Some stories must have been true. In those days, anti-war rage was virulent on campus and city, but McNamara, Nixon, and Kissinger were inaccessible. Thus, a dazed Sp-5 making his way back to the farm in Iowa was as good a target as any. Nowadays, the ubiquitous cell-phone documents this crap; then, not so much (This one is my personal favorite).

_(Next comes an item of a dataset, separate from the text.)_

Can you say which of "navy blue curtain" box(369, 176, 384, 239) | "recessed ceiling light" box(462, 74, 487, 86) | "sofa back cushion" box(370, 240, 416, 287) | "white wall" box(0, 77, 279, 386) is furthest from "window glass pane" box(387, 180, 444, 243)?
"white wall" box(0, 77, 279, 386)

I come from a long line of redneck cannon fodder. My great-grandfather, Lot Townsend, captain, 50th Georgia Infantry, fought from the Civil War’s first to last battle and dozens between. My father, a WWII US Army infantry 1st sergeant, was in pretty much constant combat from Guadalcanal to Okinawa. These front-line infantry unit stories are sketched out in unit histories and in scorching detail in E.B. Sledge’s With the Old Breed: At Peleliu and Okinawa, Karl Marlantes’ Matterhorn, and especially his What it’s like to go to War, and Mel Gibson’s movie Hacksaw Ridge. (1st Sergeant Ernest L Townsend’s Bronze Star (V) write-up describes an action on Kakazu Ridge, one over from Hacksaw).
500-700 flag-waving and cheering passers-by, responding to a PA announcement, greeted us as we stepped off the plane at Washington, D.C. Reagan Airport, Washington, D.C. Powerful. I hadn’t realized until that moment the resentment I harbored from the Vietnam era. However young and unsophisticated we volunteers and draftees were, we stepped up. It is what young men and women do, at least the best do. On the other hand, when strangers say ‘thank you for your service,’ I just reply that ‘I was proud to serve.’ Hokey, okay, but it’s my truth.
Bob Dole tries to visit every honor flight that comes to D.C. At his age, there is no ulterior motive. Like the Washingtonians at Reagan Airport, he just wants to say ‘thank you..
Post Traumatic Stress Disorder
Bryan Doerries, The Theater of War: What Ancient Tragedies Can Teach Us Today (select YouTube videos here, here and here) and Sophocles and Greek playwrights treatment of Post Traumatic Stress Disorder in Bronze Age Greece 2500 years ago. This has been particular powerful to me.
War is hard. Alway will be. Always has been.
Thanks to America’s taxpayers, I have lived many places for long periods and speak Russian, German and French pretty well. I’ve drunk with Soviet Army and Wehrmacht WWII veterans, listened to their stories, visited their monuments, read their memoirs and war novels. Their wars have been insupportable like ours, and have been for 2500 years.
A cross look in the University of Wisconsin Memorial Union Rathskellar is the least of ones post-war problems, though it sucked.
Soldier suck it up. Someone else always had it worse, especially the dead.
I have regrets. I deeply regret MAC V incompetence in the years 1964-1968. I regret Cambodian Air Force officers (I worked many ABCCC missions as their translator) who perished in the Cambodian genocide.
Some Viet vets had been badly treated––Agent Orange, underfunded Veteran’s Administration hospitals, an insult here and there, lacking words to communicate the experience, home folks uncomfortable and confused over how to treat the veteran.
In that long list of misbegottens, America rediscovered soldier’s heart, shell shock, war fatigue, currently Post Traumatic Stress Disorder. Even on September 2, 2019, five decades on, Vietnam vets, first time visiting the war, drop to their knees before the name of the nineeteen-year-old buddy who did not return.
No lessons here. No conclusions. I am only greatly pleased that I went on the honor flight, and thank those folks, especially Lieutenant Colonel (ret) James Campbell et. al. for their years of work. We’ll see what I can do to help.